DURHAM, N.C.
These days, Dr. John Hope Franklin spends more time in the greenhouse
with his collection of 300 orchids behind his home than in library
stacks.
Franklin fell in love with orchids because “they’re full of challenges,
mystery” — the same reasons he fell in love with history.
His autobiography, Mirror to America, which comes out this week,
reveals a man who has been as much a participant in history as a
chronicler of it.
Franklin helped Thurgood Marshall on the 1954 Supreme Court case Brown
v. Board of Education. He became the first Black historian to assume a
full-professorship at a White college, and chaired President Clinton’s
Initiative on Race.
But it is his works, more than his deeds, that have earned the
90-year-old historian 137 honorary degrees (“obscene, don’t tell
anyone”), the NAACP’s Spingarn Award and the Presidential Medal of
Freedom, the nation’s highest civilian honor.
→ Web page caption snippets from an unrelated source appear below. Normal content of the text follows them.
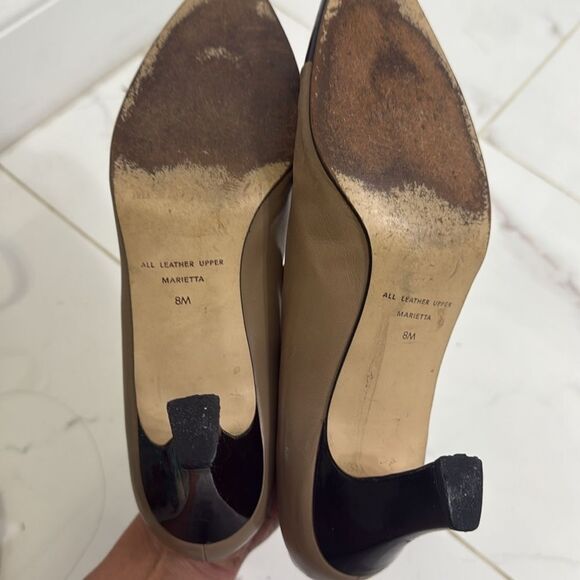 Etienne Aigner Black and Brown Heels Classic Elegance Great Conditio Kitten Heel - Picture 5 of 5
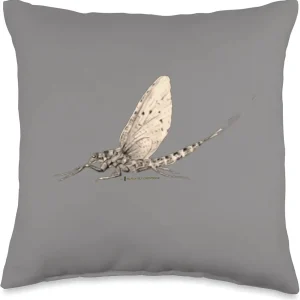 Mayfly Nymph Fly Fishing Tying Tenkara Entomology, Black Fly Throw Pillow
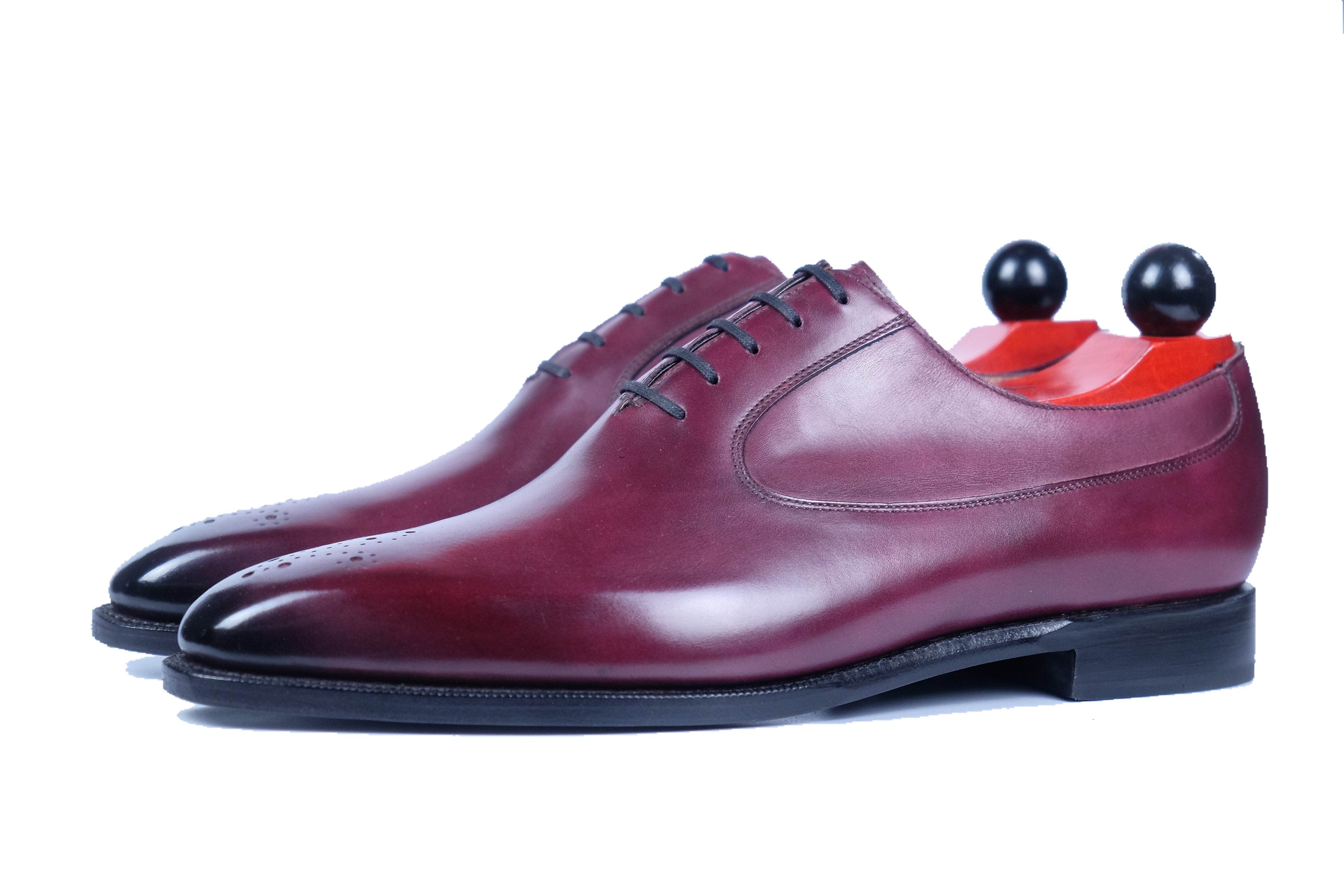 Tacoma - MTO - Raspberry Calf - MGF Last - Single Leather Sole-Made To Order Medallion Swan Neck Oxfords-J.FitzPatrick Footwear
His landmark From Slavery
to Freedom, published in 1947 has sold more than 3.5 million copies and
remains required reading in college classrooms.
“I would compare him to Carter Woodson and W.E.B. Du Bois,” says
Pulitzer Prize-winning historian Leon Litwack, who served as a graduate
assistant when Franklin taught at the University of California,
Berkeley, in 1956, and has remained a fast friend.